Ok.  I have been delaying this post because (1) I have been really busy with work and family and (2) I’m not quite sure what to say about OERs beyond the fact that they terrify me.  Don’t get me wrong, I like the concept, I agree we should be sharing and using ideas and materials.  But using OERs in the classroom seems like it would be a lot of work.  Mark and Michele’s talk was great.  The talk really got me thinking about the many facets to OERs.  There is  a lot to think about.  And as a librarian who does instruction on how to do research and is always looking for new ideas, I’m still not brave enough to explore beyond the mainstream.  My concerns are partly due to not knowing if OERs have been properly vetted and being unsure about vetting them myself.  And I am also not confident enough to actually contribute something of my own.  So, at this point, all I can say about OERs is, yes, I think they are a cool idea, but I’m not ready to go there.  I need to get some more information and feedback on OERs before I would be willing to dive into that arena.  Given my time constraints and all the other things in my life demanding attention, I’m concerned I cannot give these materials the attention they need to then turn around and use them constructively and effectively in the classroom.  However I do like the idea of their use as part of a way to supplement and enhance a primary text or texts (not necessarily a textbook) in a class.
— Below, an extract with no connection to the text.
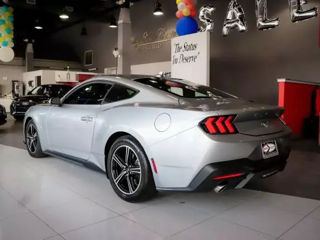 Ford Mustang foto 6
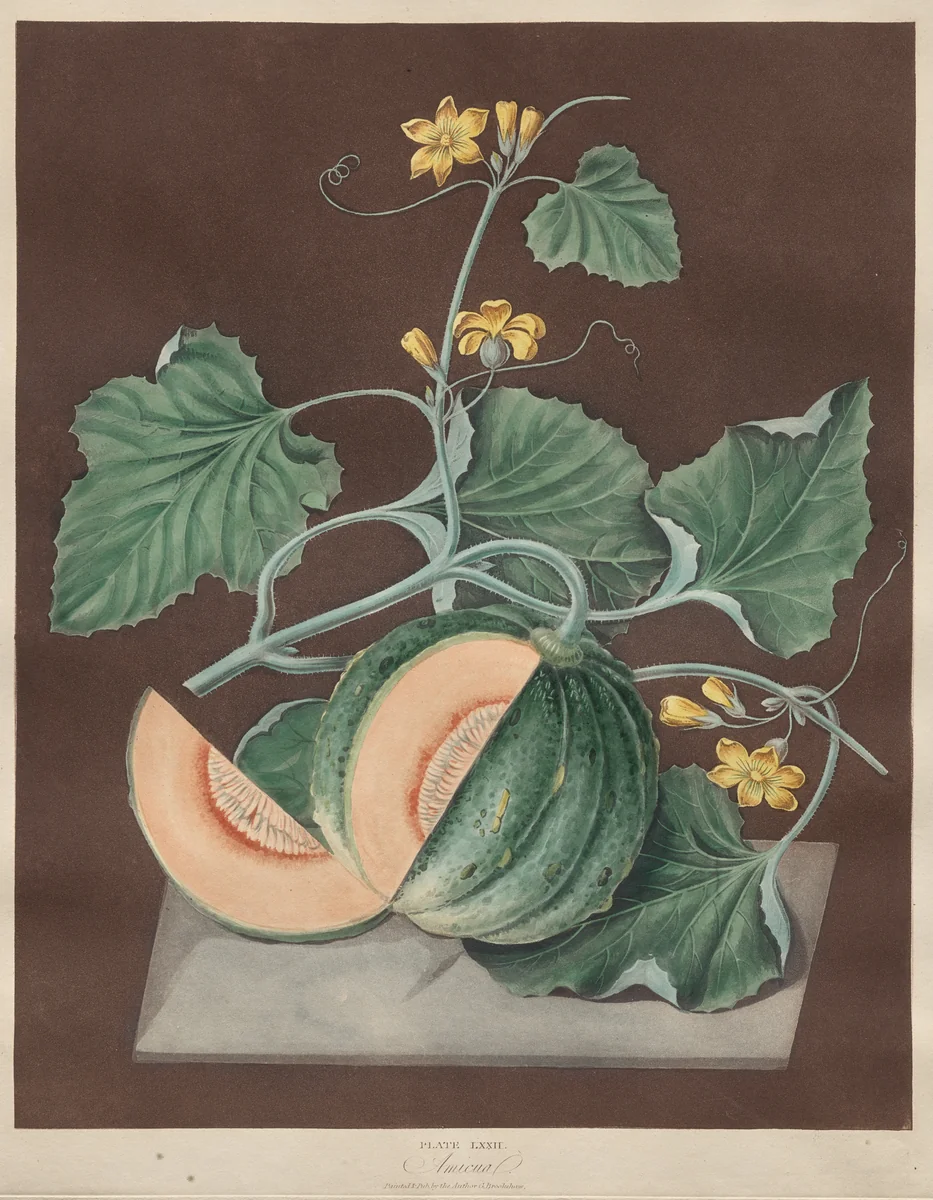 Pomona Britannica: No. 72 - Amicua (Melon) by George Brookshaw, print, 1807-1822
Book Sale at My Library Today and Tomorrow

We are 17 minutes into a two day book sale at our library today and the place is mobbed.  Books, LPs, scores and ephemera are all up for grabs.  I have worked in libraries for many years now, and in an independent bookstore (Bank Square Books), years ago, and I still love the excitement that accompanies such events.  There are students, staff and faculty all over the place.  It is really crowded.  Everyone is pouring over the pickings, piles are accumulating at the edges, friends are declaring jealousy over coveted finds.  It is invigorating to see the hunger and excitement on everyone’s face, the longing in the eyes of those who have to run off to class, the delight in those who ‘stumble’ upon the sale, the gratitude of the buyers being able to acquire their finds so cheaply, the anxious inquires over the location of the nearest ATM, the tense moments when another shopper mistakenly starts browsing someone else’s pile.  Book sales are great!

And yet . . . I sit here at the Reference Desk, as the book sale plays out in front of me, literally about three feet (the depth of the desk) away from me (because it is raining outside).  I’m in the middle of it and yet strangely removed from it.  I’m just doing my regular Reference Desk shift.  As a result, I can’t browse the sale myself.  So, while I love all the excitement over the book sale, I am intensely jealous.  I cheer for everyone finding such great things and secretly my heart is saying, like an immature toddler: ‘But I want those!’  So here I sit, loving the excitement and suffering from a serious case of the book sale blues.  Anyone have a reference question?